Saturday, April 14, 2007

Review: the Downfall of Pompeii

The Downfall of Pompeii is a game by Klaus-Jürgen Wrede for 2-4 players ages 10 and up. Originally published by Amigo, it is distributed in the United States by Mayfair Games. It plays in around 45 minutes.


In 63 AD a strong earthquake heavily damaged the Roman city of Pompeii and scared away many of the inhabitants who feared that the neighboring volcano Vesuvius might be about to erupt. When no eruption was immediately forthcoming, wealthy citizens began moving back to Pompeii, taking advantage of the recent vacancies. For a time, Pompeii enjoyed a bit of a renaissance but the land boom was about to end abruptly with a boom of another sort. On August 24, 79 AD Vesuvius erupted, burying the city in ash and lava and effectively spoiling a fine summer day for a lot of people.

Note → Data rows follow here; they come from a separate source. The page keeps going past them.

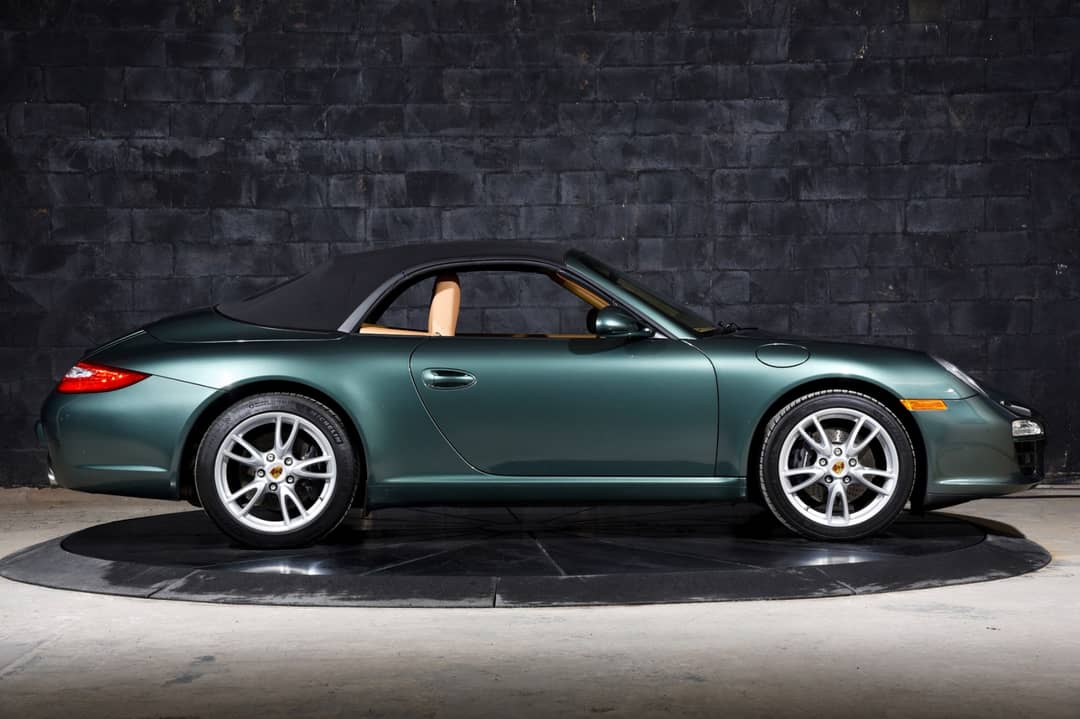 2010 Porsche 911 Carrera — photo 34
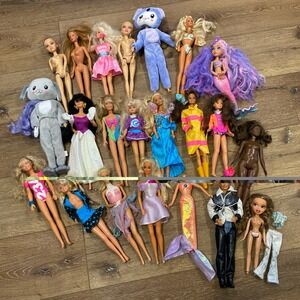 Huge Vintage Barbie Doll Lot, Most Have Clothes, Or Accessories & Shoes Dolls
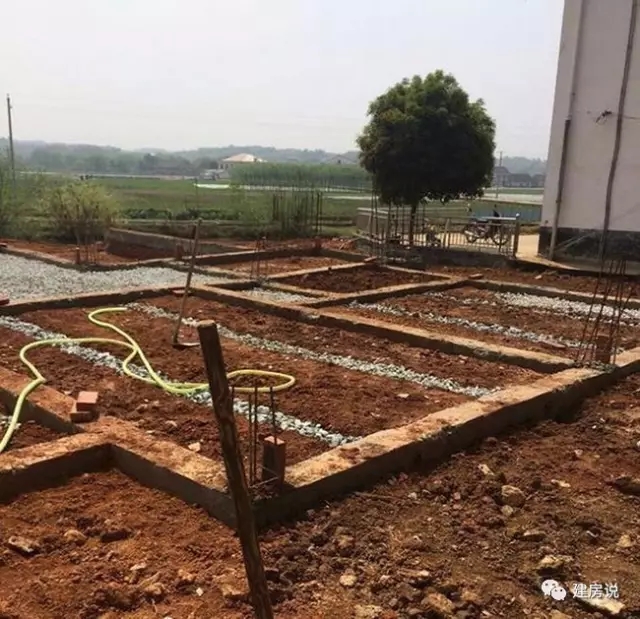 百萬(wàn)自建三層農(nóng)村別墅設(shè)計(jì)方案，建成后是村里最好的！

The Downfall of Pompeii is a game played in two parts: the first part simulates the land rush with players trying to put as many citizens as possible into the city; the second part simulates the mad panic of the eruption with players trying to pull as many citizens out of the city and to safety as possible before the city is completely buried.


Inside the large box, you'll find an 8 page color rule booklet, a very attractive game board, a deck of 62 full sized game cards, 140 wooden player tokens, a cloth bag, 45 sturdy tiles, and (best of all) a very cool plastic volcano that fits in a hole in the game board. All of the components are very attractive and functional. The artwork is clear and the iconography is simple to understand. The rule booklet is quite complete with plenty of detailed examples and full color illustrations. Players should have no difficulty learning this game.

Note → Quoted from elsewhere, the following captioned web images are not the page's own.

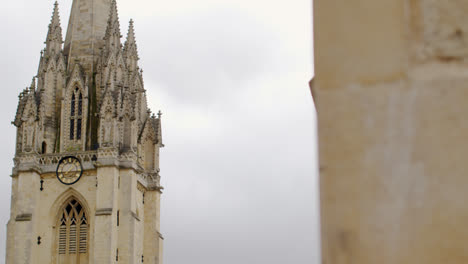 Außenansicht-Der-Universitätskapelle-Der-Heiligen-Jungfrau-Maria-Und-Des-Radcliffe-Camera-Gebäudes-Im-Stadtzentrum-Von-Oxford-1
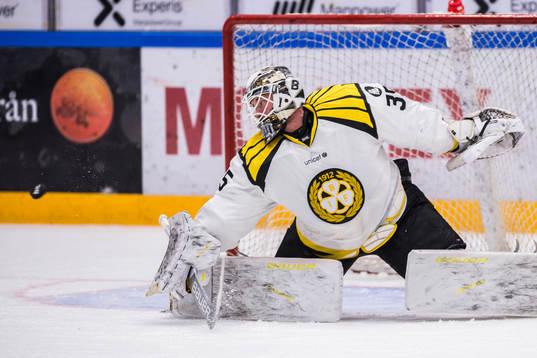 Brynäs målvakt David Rautio räddar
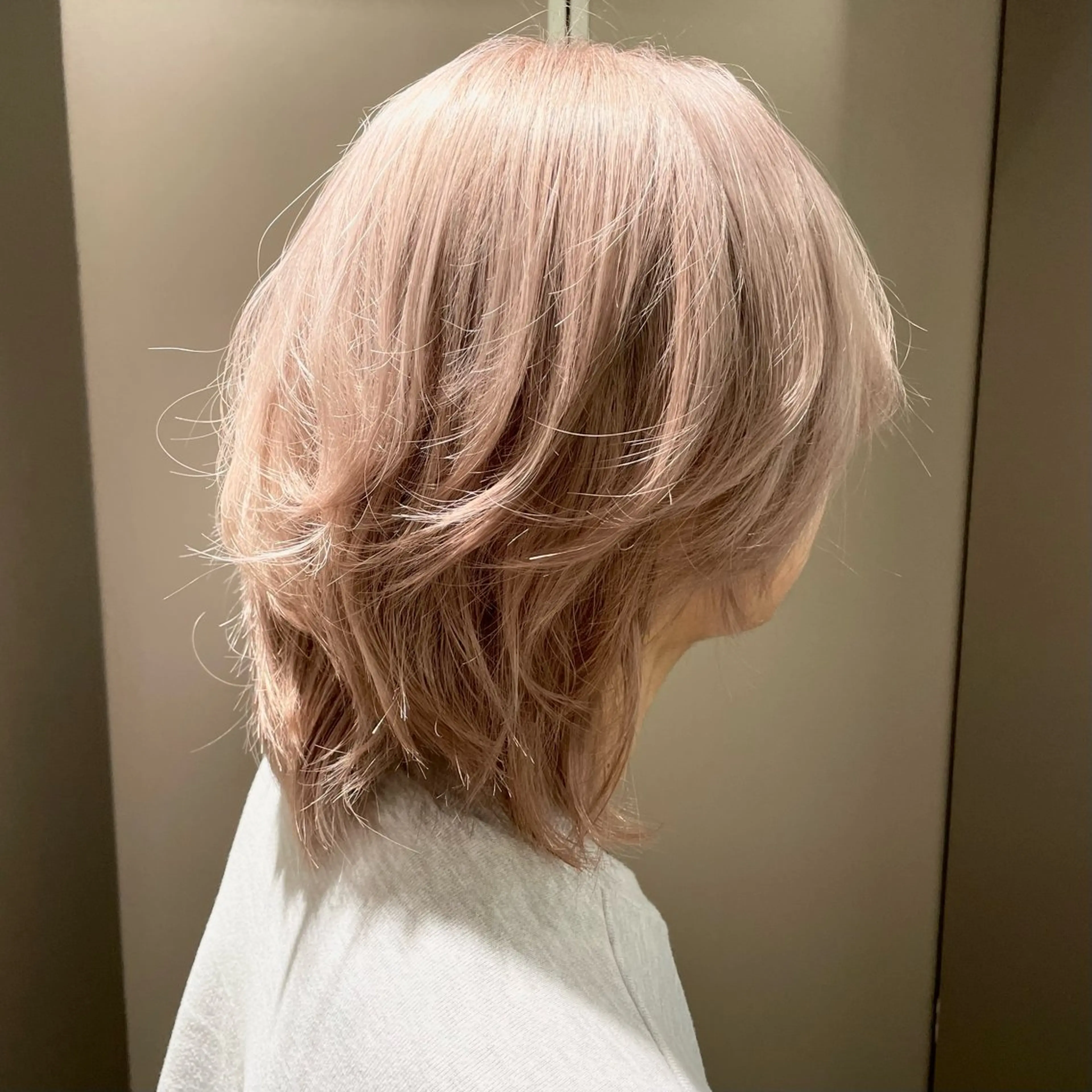 カラー ベージュカラー ブリーチ ミルクティーベージュ ホワイトミルクティーベージュ ヘアカラー オザキクウガ/ ブリーチ/髪質改善のヘアスタイル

This is a pretty simple game that in many ways really feels like two games played back to back.

The first game feels a bit like a card game. Players have a hand of four cards. Each card bears the number of a residence in the city. Players play a card from their hand and then place a citizen in the corresponding residence. Then the player draws another card into his hand and the next player goes. After the first few rounds, a player can earn the right to place more than one citizen at a time in the city by choosing a residence that already has a few citizens in it. Sometimes a player draws an omen card which grants that player the right to appease the volcano gods by picking up another player's citizen token and tossing it into the volcano. I consider this delightful good fun. There's nothing quite like a little human sacrifice to spice up a game, I always say!

Eventually the volcano erupts at which point the first game is over. Players toss out their remaining cards, put any left over citizens back in the box and get ready for the second game.

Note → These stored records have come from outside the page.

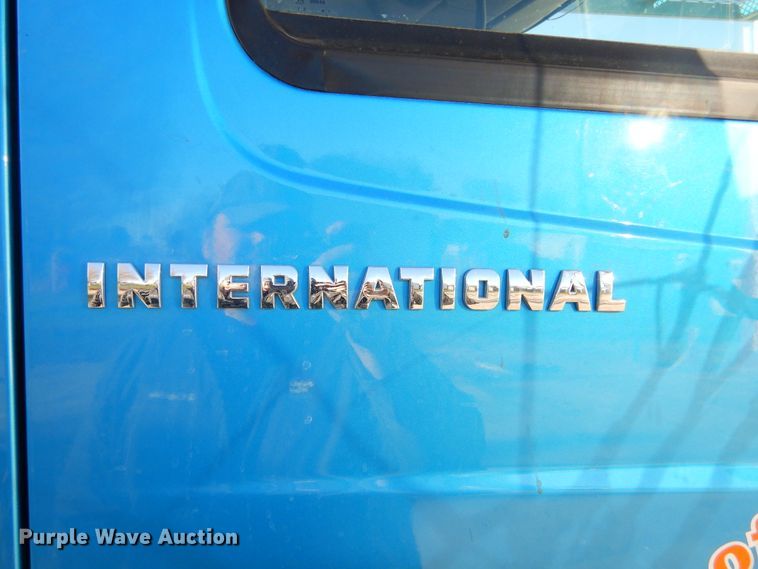 image for item DK3364 2002 International 4300  bucket truck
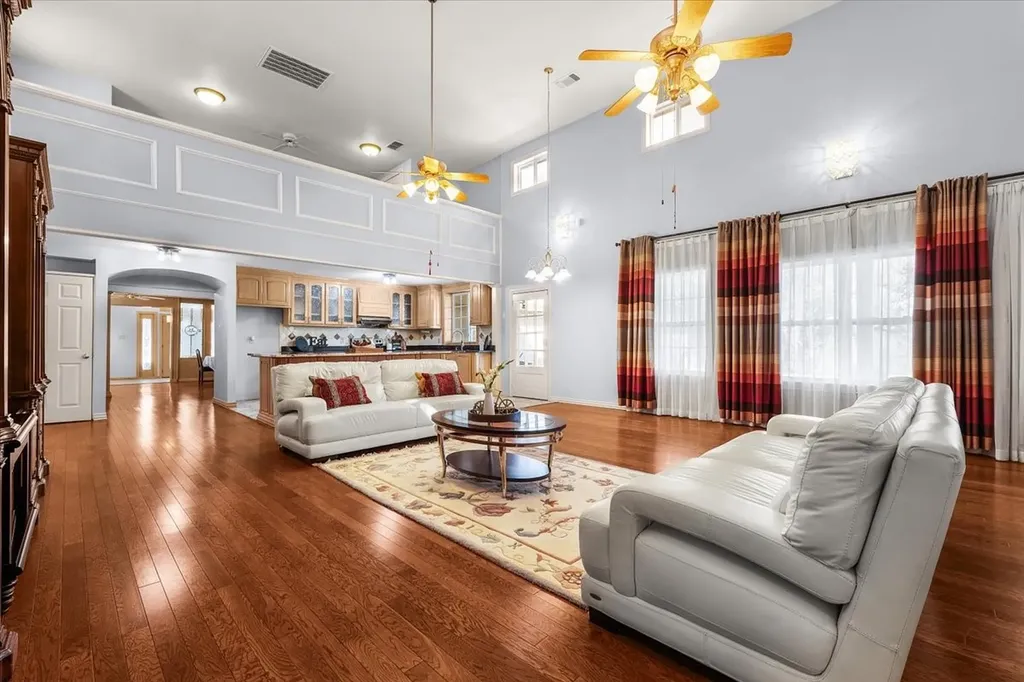 8248 Meadowbrook Drive Fort Worth TX 76120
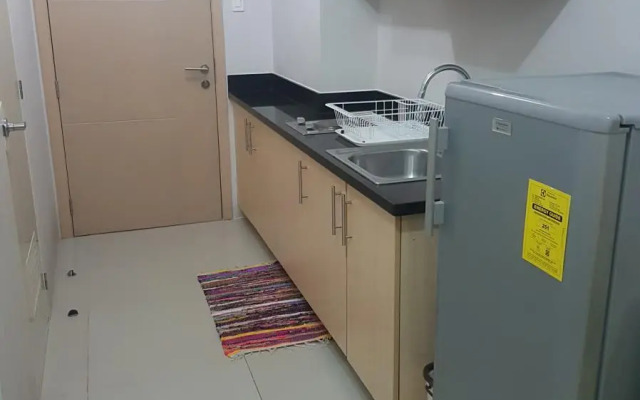 Grass Residences by Elle Suites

The second game plays more like a tile laying abstract strategy game. Players take turns drawing a lava tile from the bag. Each tile has a symbol which matches one of the six symbols on the board: helmet, mask, scroll, column, and coin. The tile must be placed adjacent to a matching tile already on the board (or next to the appropriate start space). If it lands on a square that contains citizens then those citizens are unceremoniously chucked into the volcano. (Whee!) After placing a tile the player then tries to move two of his or her citizens closer to one of the city gates. Any citizens that manage to leave the city through one of the city gates count as victory points. He who rescues the most citizens wins!


I really like the Downfall of Pompeii. I like the fact that the game is so very simple to learn. I've been able to teach this game to gamers and non-gamers alike and not once has anyone had any difficulty understanding the game. I also really like the fun of tossing bits into the volcano. Call it sadistic or twisted if you like; I call it good fun. It's not a perfect game. There is definitely a lot of luck. Drawing the right card and getting lucky tile draws counts for quite a bit. Nevertheless there are enough important choices to be made that the better player should win most of the time.

The Downfall of Pompeii plays fast, it's easy to learn, it's attractive, and it's fun. If you're looking for a light family game that you can play with non-gamers and gamers alike you should give it a try.